PROVIDED ENTRIES ::
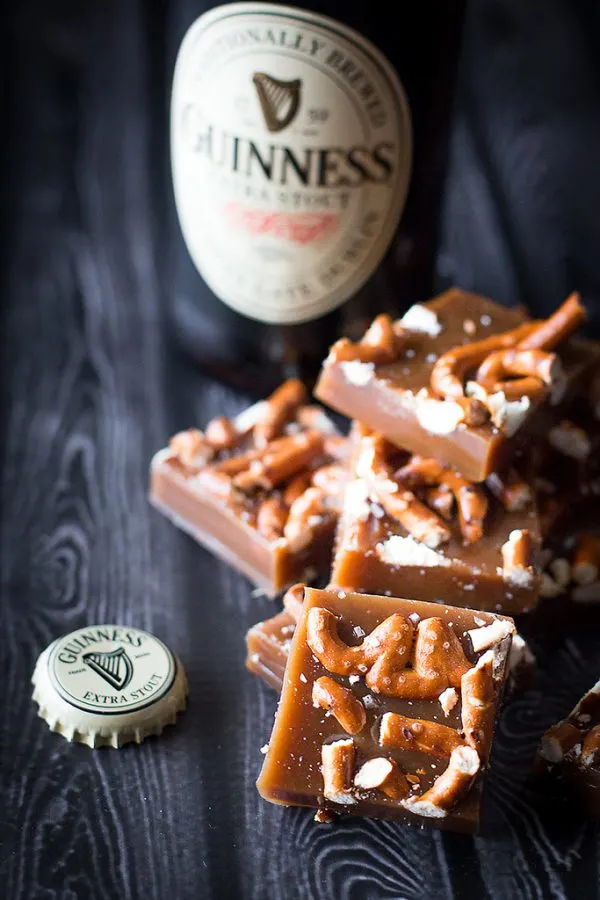 Guinness and Pretzel Caramels | 17 Awesome Guinness Recipes from @cydconverse
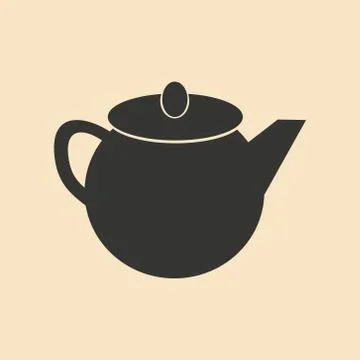 Flat with shadow icon and mobile application Japanese tea Illustrazione stock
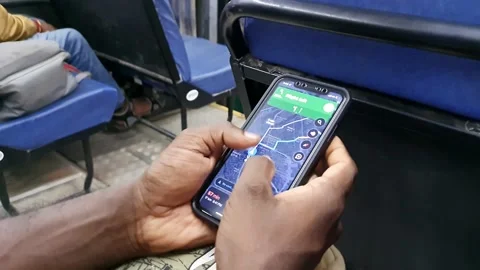 Closeup of a man using Google Maps insid... | Stock Video | Pond5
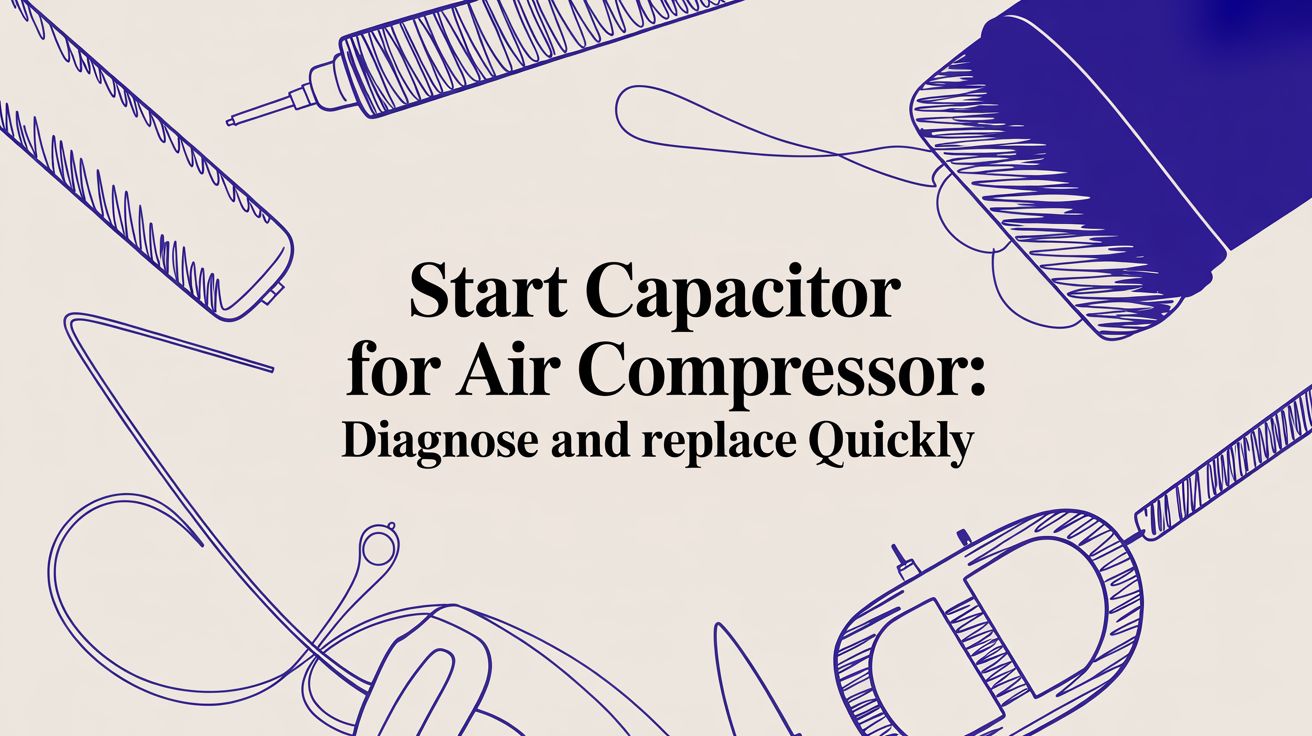 Start Capacitor for Air Compressor: Diagnose and Replace Quickly
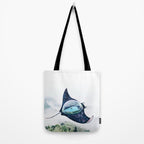 Space Manta Ray Tote Bag Gallery Image 2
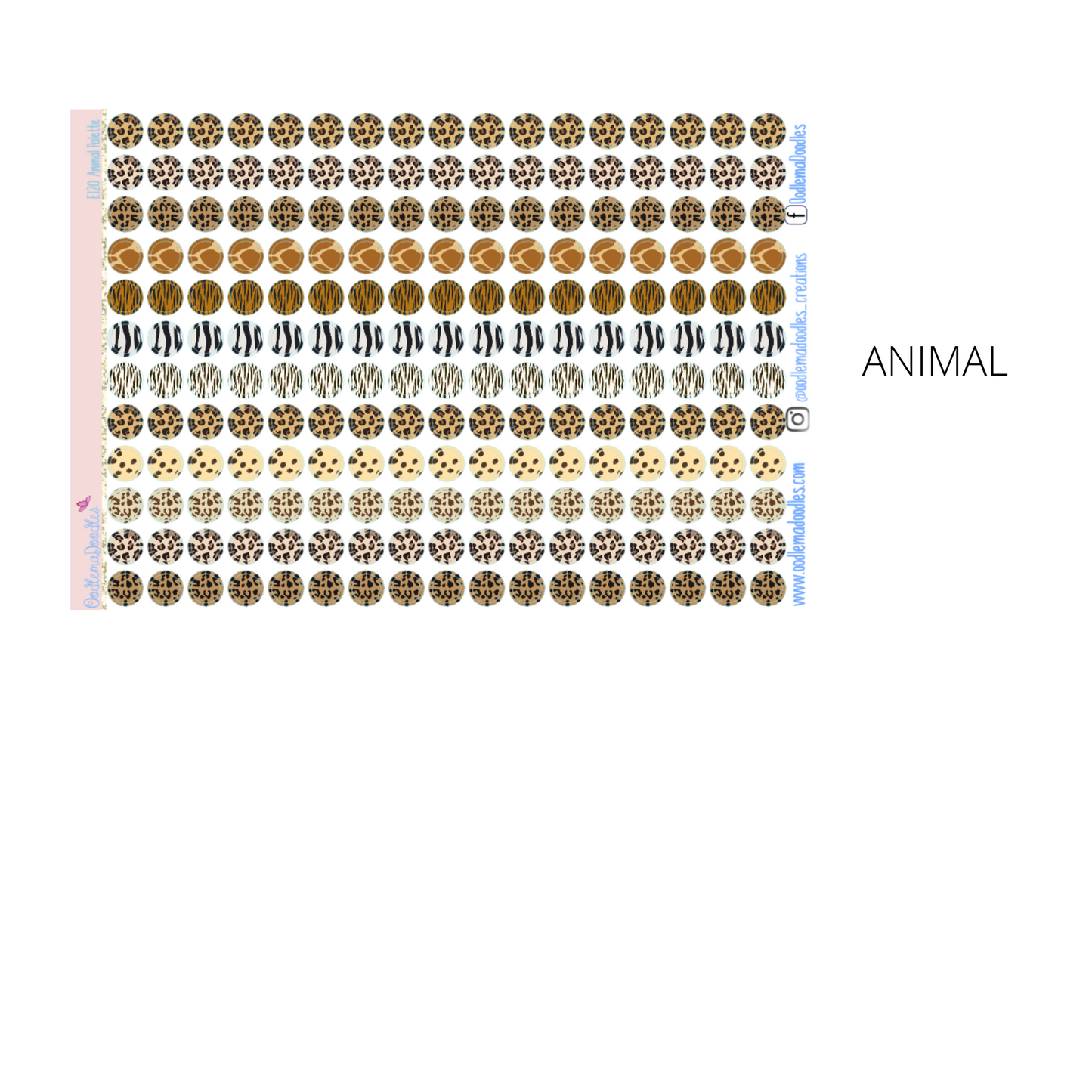 Functional Regular Dot Stickers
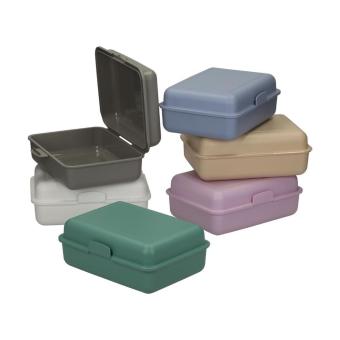 Vorratsdose "SchoolBox" groß aus anteilig biob. Kunststoff Schieferblau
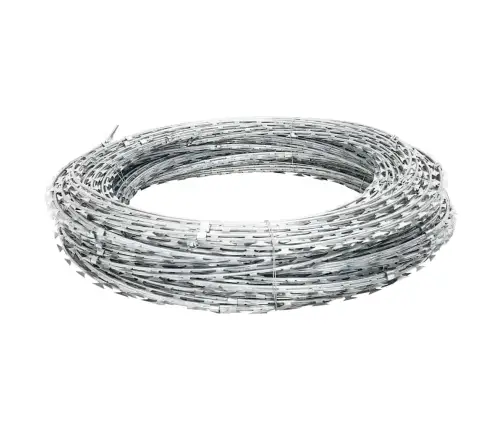 Spirālveida Dzeloņstieple Bto-22, Cinkots Tērauds, 60 M Vidaxl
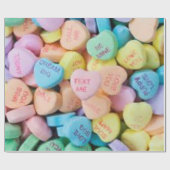 Valentijns snoep gesprekspartner cadeaupapier (Vlak)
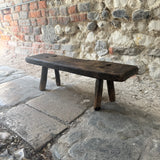 Antique Hungarian Low Stool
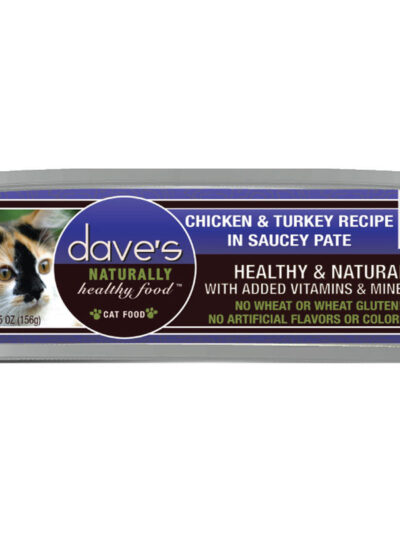 Dave's Cat Grain Free Saucey Chicken N Turkey 5.5oz. (Case of 24)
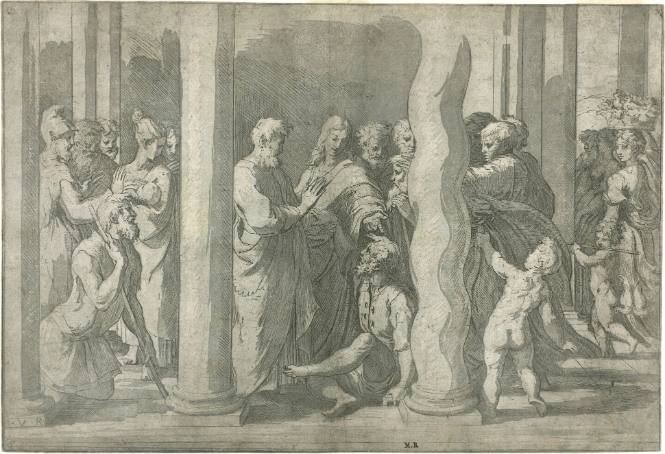 St. Peter and St. John Healing the Lame Man at the Beautiful Gate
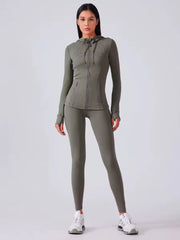 Women Fitness Zip Jacket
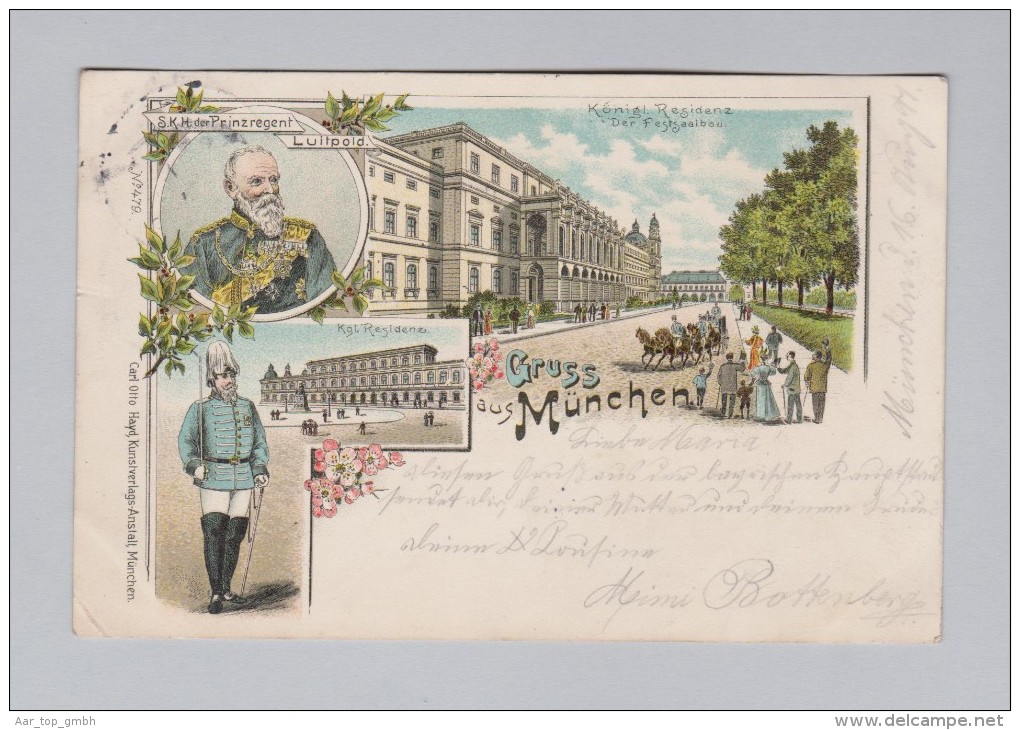 AK DE BAY MÜNCHEN 1897-08-16 München Litho Carl Otto Hayd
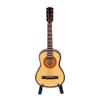 Gitarmodell Tre Skrivebord Mini Musikkinstrument Ornament med Stativ og Oppbevaringsboks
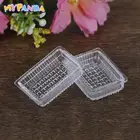 Миниатюрный поднос корзина из тростника, 2 шт., поднос для фаст-фуда, блюдо, десерт, поднос, искусственная кухня, домашний декор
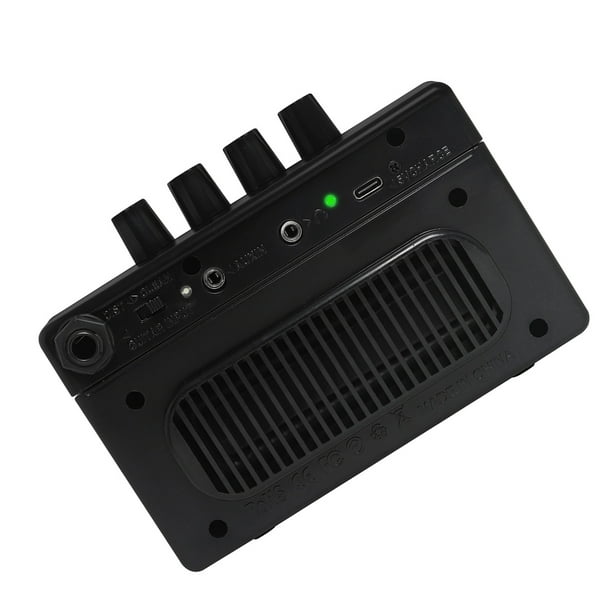 Seitruly Mini altavoz de guitarra acústica amplificador eléctrico Cable de Audio Accs 5W instrumento de música rendimiento práctica diaria Cables de audio/vídeo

PROBLEM DESCRIPTION ::
Look above for the line containing "Space Manta Ray Tote Bag Gallery Image 2" and the line containing "Valentijns snoep gesprekspartner", then reproduce both and everything between them exactly, pictures omitted.

RESULT OF THIS TASK ::
 Space Manta Ray Tote Bag Gallery Image 2
 Functional Regular Dot Stickers
 Vorratsdose "SchoolBox" groß aus anteilig biob. Kunststoff Schieferblau
 Spirālveida Dzeloņstieple Bto-22, Cinkots Tērauds, 60 M Vidaxl
 Valentijns snoep gesprekspartner cadeaupapier (Vlak)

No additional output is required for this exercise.